I turned to the bakkie to get my beanie and gloves and was startled to see we were now surrounded; hunched, flip-flopped, weather-beaten longhaired figures staring silently at the sea – no one spoke, or even glanced at me, they all stood, transfixed, focused on the huge surf in the bay – surfers! I went back to scan the bay through the lens as the light started to change again. As I turned to look for Galeo a voice with a thick Australian accent said,

“What are you waiting for mate”

I paused, looking at the figure in the murk.

“The light”. I said slowly. “What are you waiting for”?

“The surf”.

I slowly nodded and smiled, looking into his eyes, I thought, we are both the same. I turned as the sun split the cloud again, the spray turned gold, as I watched the gulls dance along the breaking surf – I got about 3 minutes of rapid changing light and colour – the following are some of my images from that cold morning.



  1. kate

    Your Plett story with Galeo and your pics are absolutely gorgeous – a treat to the eye. You write as well as you photograph!

  2. kate

    Now had time to peruse all your portfolio – lovely, lovely and in my humble opinion, you have an excellent eye!! Also your photos of Keurbooms River Game Trails farm are stunning – I know the area well having lived in De Vlugt and those mnountains and valleys and rivers are all there for the taking!! You’ve inspired me to charge my batteries!!
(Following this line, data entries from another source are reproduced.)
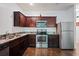Well-equipped kitchen featuring stainless steel appliances and dark wood cabinetry at 3155 Tarian Way, Decatur, GA 30034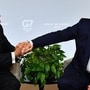 Indian Prime Minister Narendra Modi (L) and US President Donald Trump shakes hands as they speak during a bilateral meeting in Biarritz, south-west France on August 26, 2019, on the third day of the annual G7 Summit. (AFP)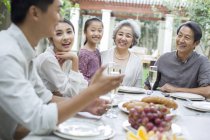 Familia china hablando en la mesa de comedor en el patio - foto de stock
    • You have reminded me once again of that amazing 18 days on the Eden to Addo trail. I will be blazing another trail in October this year when I return to Rim of Africa to add another section and more images!

  3. kate

    O my goodness Peter, I have just googled Rim of Africa – wow! I also love that part of the world and know it quiet well having lived in Prince Alfred’s Hamlet and trekked into the Cedarberg fairly regularly – are you doing the whole walk – gorgeous, gorgeous area again – gosh we are blessed with the most magnificent wildernesses in this country.
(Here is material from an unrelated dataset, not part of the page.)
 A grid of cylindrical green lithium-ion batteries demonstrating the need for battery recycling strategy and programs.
    I have just posted my latest adventure in the Kalahari… landscapes will follow soon.

    • I have done the first 3 sections up to Ceres. Next will be 2 or 3 more sections I havent decided yet. Its incredibly challenging but if one wants to be in the wilderness where none or few have ever been then this is a unique experience. Once again I hope to document the event with images, the trick is to take the right gear bearing in mind the weight factor – quite a challenge in itself!

      I have just posted my latest adventure in the Kalahari… Landscapes will follow shortly.